# Exercise goal:
Nothing in the data should be altered when it is repeated in full.

# Given records:
********

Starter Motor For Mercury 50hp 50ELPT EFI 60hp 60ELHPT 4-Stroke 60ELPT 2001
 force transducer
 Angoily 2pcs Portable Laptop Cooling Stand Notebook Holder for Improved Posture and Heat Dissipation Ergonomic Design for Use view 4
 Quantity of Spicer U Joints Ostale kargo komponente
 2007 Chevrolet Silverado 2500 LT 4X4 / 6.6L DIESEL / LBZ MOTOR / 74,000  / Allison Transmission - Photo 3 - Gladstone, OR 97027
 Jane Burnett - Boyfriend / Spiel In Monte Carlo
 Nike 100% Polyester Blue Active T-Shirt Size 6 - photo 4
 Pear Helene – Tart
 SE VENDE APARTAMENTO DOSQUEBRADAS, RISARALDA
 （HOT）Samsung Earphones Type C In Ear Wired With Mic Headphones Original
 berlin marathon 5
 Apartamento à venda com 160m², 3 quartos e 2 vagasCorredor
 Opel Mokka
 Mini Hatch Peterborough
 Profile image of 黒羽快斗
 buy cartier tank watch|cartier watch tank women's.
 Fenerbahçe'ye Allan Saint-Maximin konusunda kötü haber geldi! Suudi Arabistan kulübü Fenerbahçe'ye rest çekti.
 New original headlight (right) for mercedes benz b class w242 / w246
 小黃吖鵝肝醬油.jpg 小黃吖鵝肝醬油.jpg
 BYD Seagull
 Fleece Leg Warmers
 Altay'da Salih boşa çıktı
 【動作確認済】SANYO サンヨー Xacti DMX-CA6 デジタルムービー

********

# Response to this task:
Starter Motor For Mercury 50hp 50ELPT EFI 60hp 60ELHPT 4-Stroke 60ELPT 2001
 force transducer
 Angoily 2pcs Portable Laptop Cooling Stand Notebook Holder for Improved Posture and Heat Dissipation Ergonomic Design for Use view 4
 Quantity of Spicer U Joints Ostale kargo komponente
 2007 Chevrolet Silverado 2500 LT 4X4 / 6.6L DIESEL / LBZ MOTOR / 74,000  / Allison Transmission - Photo 3 - Gladstone, OR 97027
 Jane Burnett - Boyfriend / Spiel In Monte Carlo
 Nike 100% Polyester Blue Active T-Shirt Size 6 - photo 4
 Pear Helene – Tart
 SE VENDE APARTAMENTO DOSQUEBRADAS, RISARALDA
 （HOT）Samsung Earphones Type C In Ear Wired With Mic Headphones Original
 berlin marathon 5
 Apartamento à venda com 160m², 3 quartos e 2 vagasCorredor
 Opel Mokka
 Mini Hatch Peterborough
 Profile image of 黒羽快斗
 buy cartier tank watch|cartier watch tank women's.
 Fenerbahçe'ye Allan Saint-Maximin konusunda kötü haber geldi! Suudi Arabistan kulübü Fenerbahçe'ye rest çekti.
 New original headlight (right) for mercedes benz b class w242 / w246
 小黃吖鵝肝醬油.jpg 小黃吖鵝肝醬油.jpg
 BYD Seagull
 Fleece Leg Warmers
 Altay'da Salih boşa çıktı
 【動作確認済】SANYO サンヨー Xacti DMX-CA6 デジタルムービー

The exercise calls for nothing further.